Museveni is in no hurry to renew the expiring contract of the deputy governor Dr Louis Kasekende. The reasons for the delay are not yet known however, Finance Minister Matia Kasaija has been quoted saying he has done his part of writing to President Museveni informing him of the near expiry of the term of the deputy governor.
Meanwhile, president Museveni has not moved an inch in responding to Kasaijja’s letter. “It is not up to him to renew Dr Kasekende’s tenure as it is the president’s mandate to do so” Said Minister Kasaijja in his quote
According to the Sources closed to Dr. Kasekende, his still very much interested in getting another term at BoU but the appointing authority has painfully taken his time, showing as if he is not interested in what is happening at BoU. The clock is ticking and warning ‘time out’ for Mr Kasekende of 61years.
This very January of 18th 2020, Dr Kasekende will either get an extension to his contract, or, walk out of the Bank after 34 years since he first joined as a young man.
With President Museveni not showing enthusiasm in renewing the tenure of the second most powerful man at Bank of Uganda, the writing is on the wall. And even if he renews his tenure finally, there is a lot of soul searching Mr Kasekende must address himself to.

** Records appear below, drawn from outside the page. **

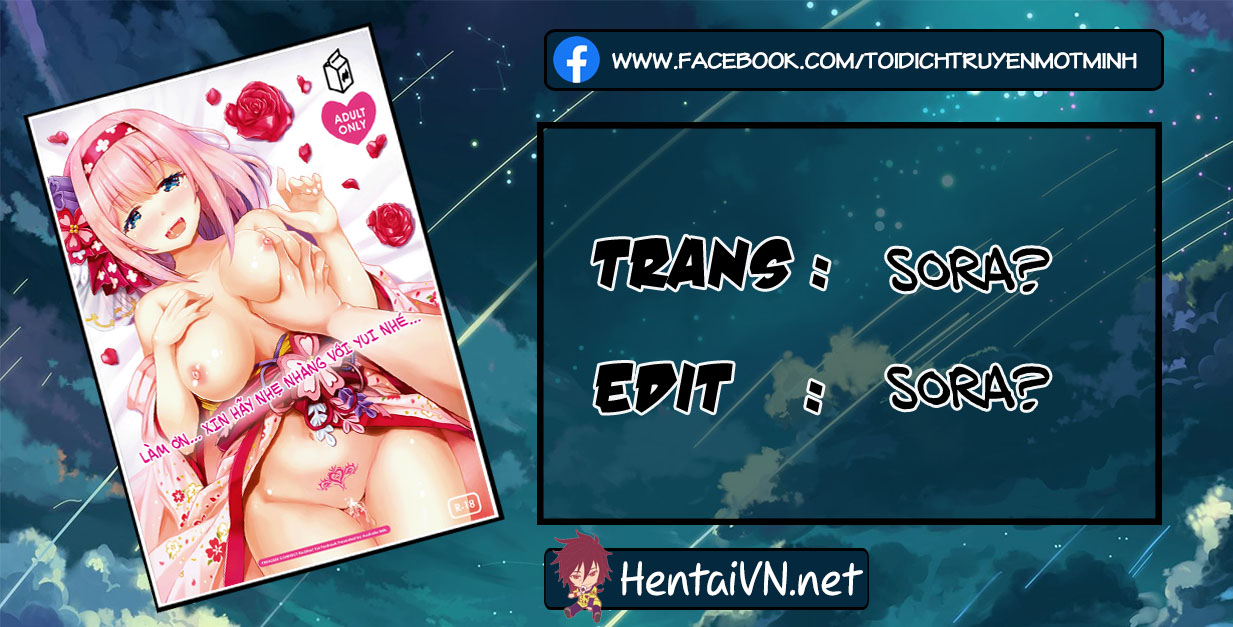 Đọc truyện hentai Yui ni... Yasashiku Shite ne... - OneShot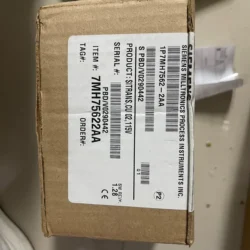 Siemens 7MH7562-2AA Industrial Alarm Controller System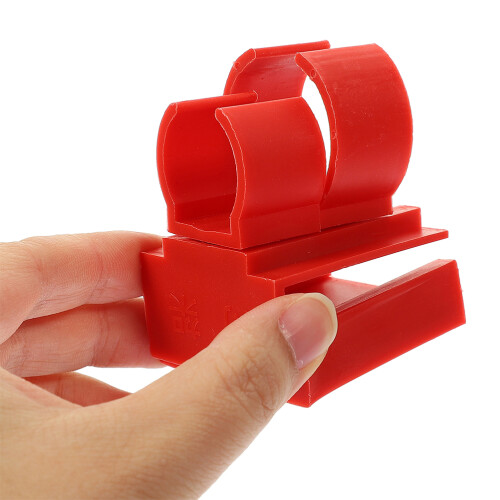 8Ud Clips Estables De Ventosa Para Acuario Material ABS 2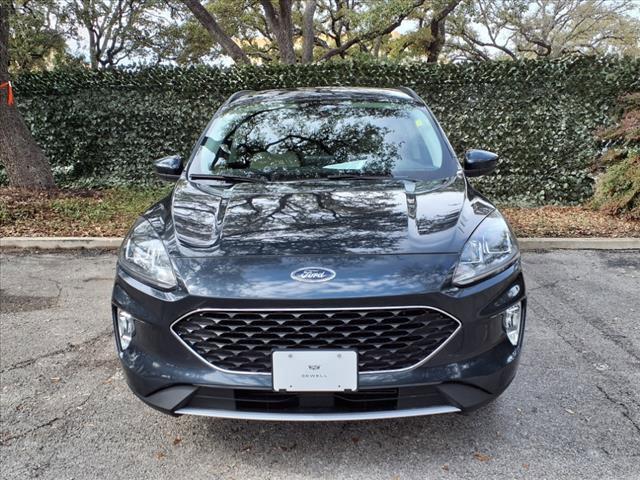 2022 Ford Escape Vehicle Photo in SAN ANTONIO, TX 78230-1001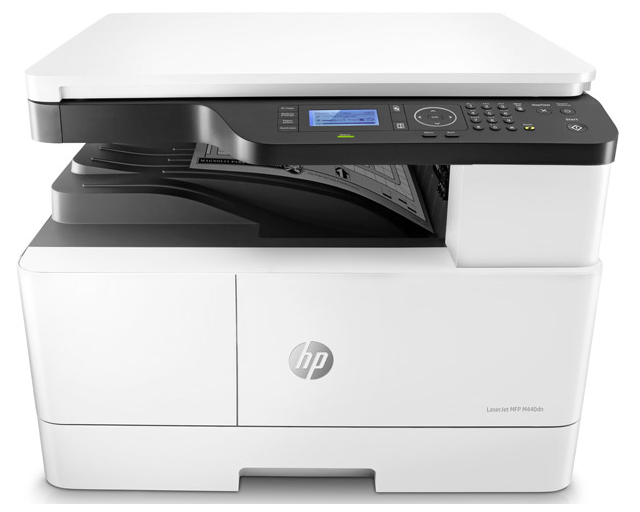 Máy in HP LaserJet MFP M440dn (8AF47A) - Ảnh 3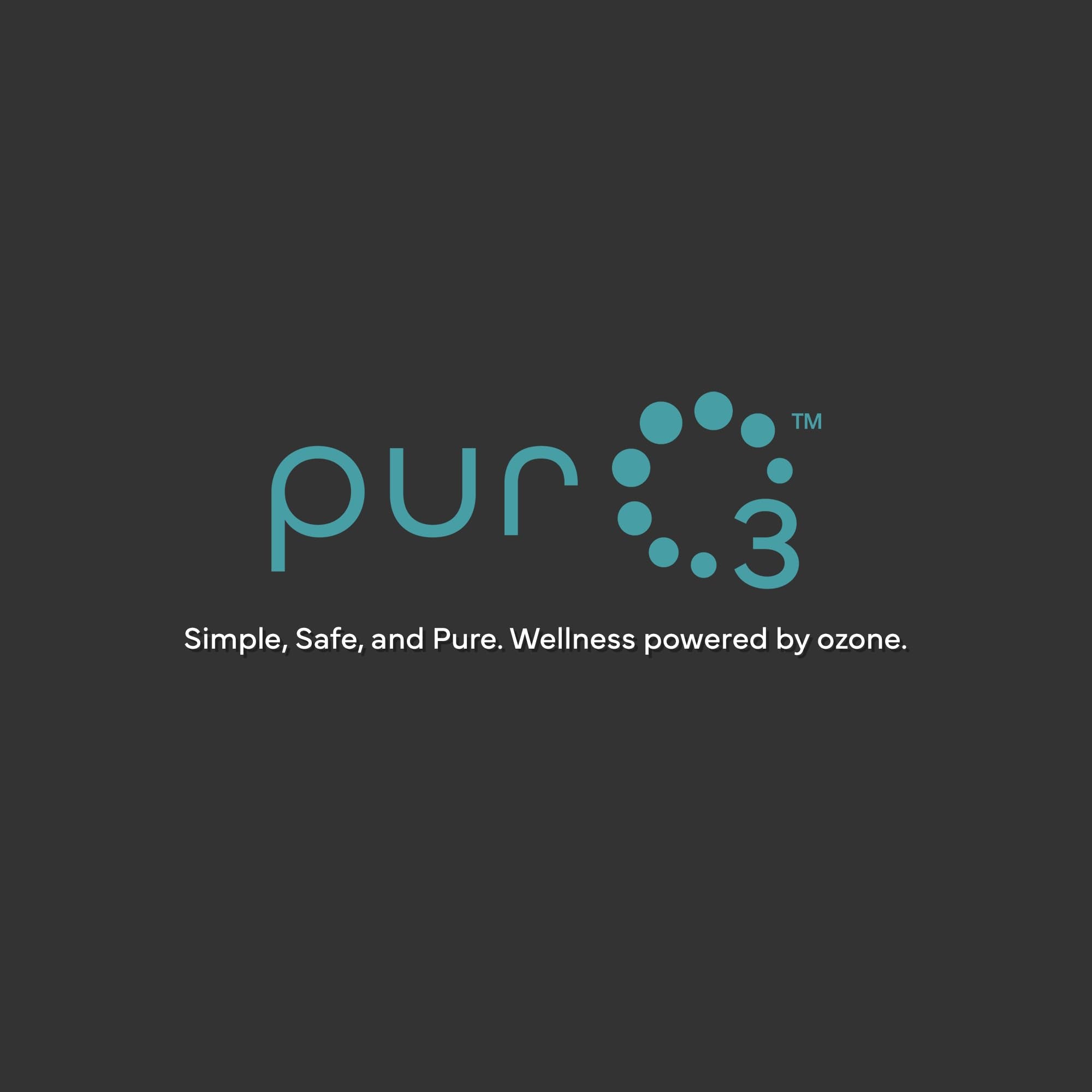 PurO3 cold-storage icon communicates long shelf life and freshness.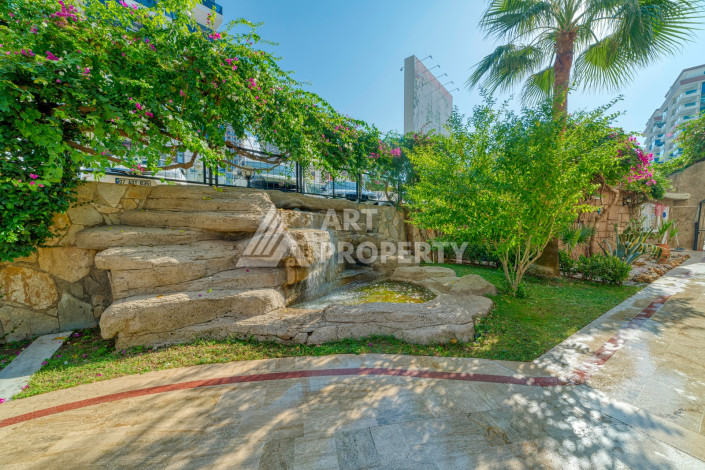 Шикарные апартаменты 3+1 с собственной инфраструктурой в Махмутлар - Ракурс 50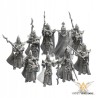 DARK DEATH GUARD x 7 + cmd- Bigusson - Druk 3D - White Angels
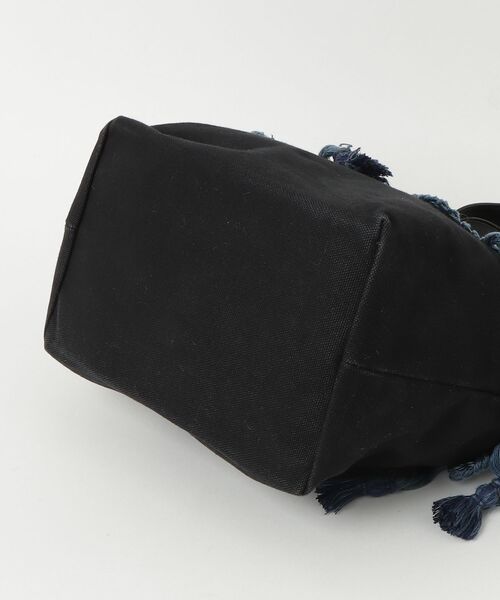 「KIRALY」 ハンドバッグ - ブラック レディース_画像3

The Governor his self, Prof Emmanuel Tumusiime Mutebile, the responsibility of the efficient running of the central bank rested on Dr Kasekende’s shoulders for the last 10 years.
Kasekende appointed as deputy governor in January 2010 as Mutebile started showing signs of tiring and old age was catching up with him. The term of governor and deputy is for five years, which means Kasekende has already served two terms and he knows all around the corners and corridors of Bank of Uganda.
He should have used this to drive BoU into the right direction. In fact, the opportunity came around 2015/16 when Prof Mutebile was bedridden, and Kasekende was fully in charge of the Bank of Uganda.
Unfortunately, the Bank of Uganda ship all of a sudden hit an iceberg, and this was escalated after the closure of Crane Bank, then the second biggest bank.
The collapse of Crane Bank was announced by Bank of Uganda as a regulatory control move, however, its effect on the economy was mammoth with many business people hitting a dead end as Crane Bank was their last resort in running their day to day finance operations.
Then, Crane bank was sold to DFCU bank by BoU, a move which turned out catastrophic and has haunted the managers of the central bank to this day.
Both the Auditor General and Parliament have pointed out several regulatory and management errors in the procedures taken in closing not only Crane Bank, but also the skeletons of other defunct commercial banks were un-buried and fingers pointed at management greed and incompetence. It was hard to believe as directors admitted to selling banks, for example, on telephone or whatsapp messages.
Whether Kasekende is the scapegoat of BoU’s failures or, he is falling on his own sword is only a matter of days. January 18 is the day of reckoning.
Critics have always asked why Prof Mutebile has been overlooked for his role as captain of the BoU ship to land it safe on the shores. Some say it is the emerged divisions between the governor and his deputy camps that could be blamed for the inefficiencies.